*What is being asked:* Retype the material that follows exactly, limited to the lines from the one with "White gold Radiant" through the one with "Dyson Purifier Hot+Cool", and keep out all pictures.

*Source data:*
━━━

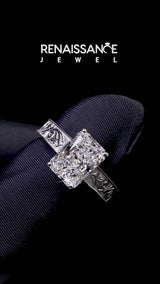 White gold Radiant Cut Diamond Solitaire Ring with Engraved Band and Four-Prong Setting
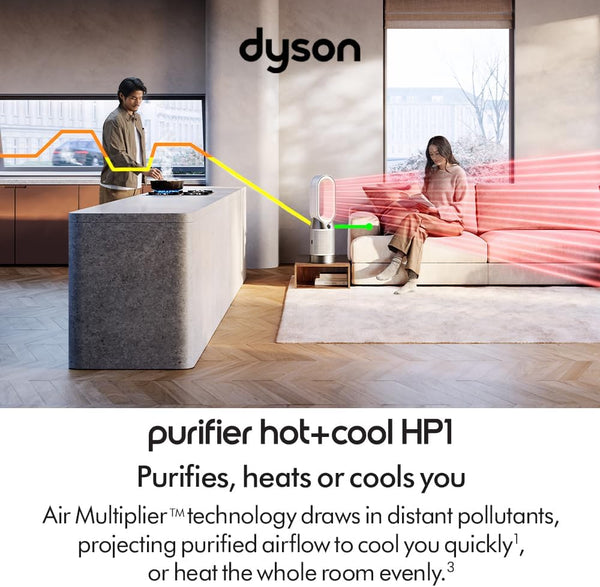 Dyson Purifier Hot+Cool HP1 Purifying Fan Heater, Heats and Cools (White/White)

━━━

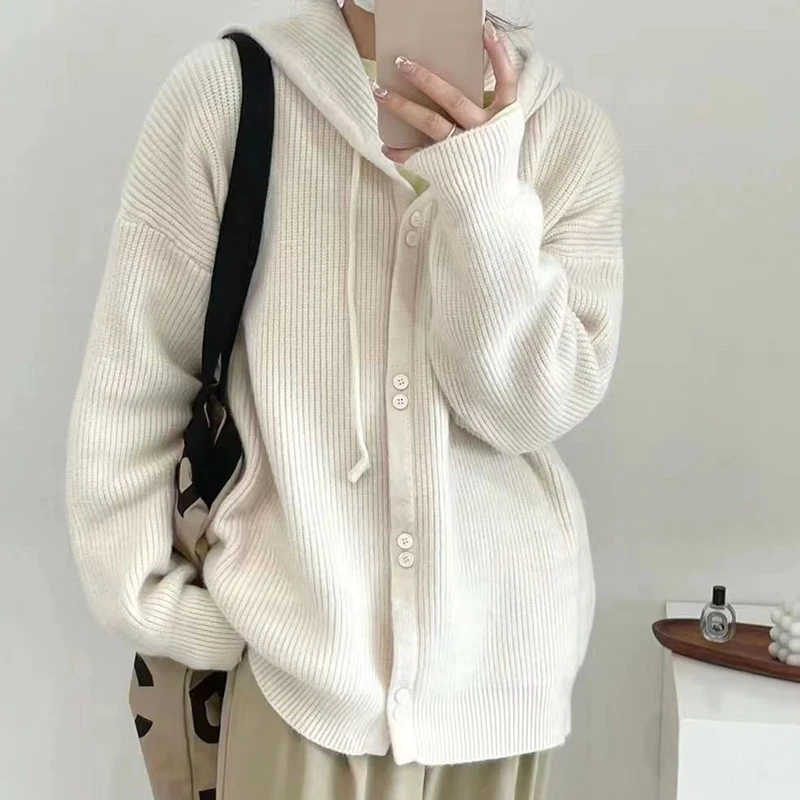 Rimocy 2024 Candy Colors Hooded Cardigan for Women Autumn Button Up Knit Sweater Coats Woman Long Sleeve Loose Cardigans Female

━━━

*Solution:*
 White gold Radiant Cut Diamond Solitaire Ring with Engraved Band and Four-Prong Setting
 Dyson Purifier Hot+Cool HP1 Purifying Fan Heater, Heats and Cools (White/White)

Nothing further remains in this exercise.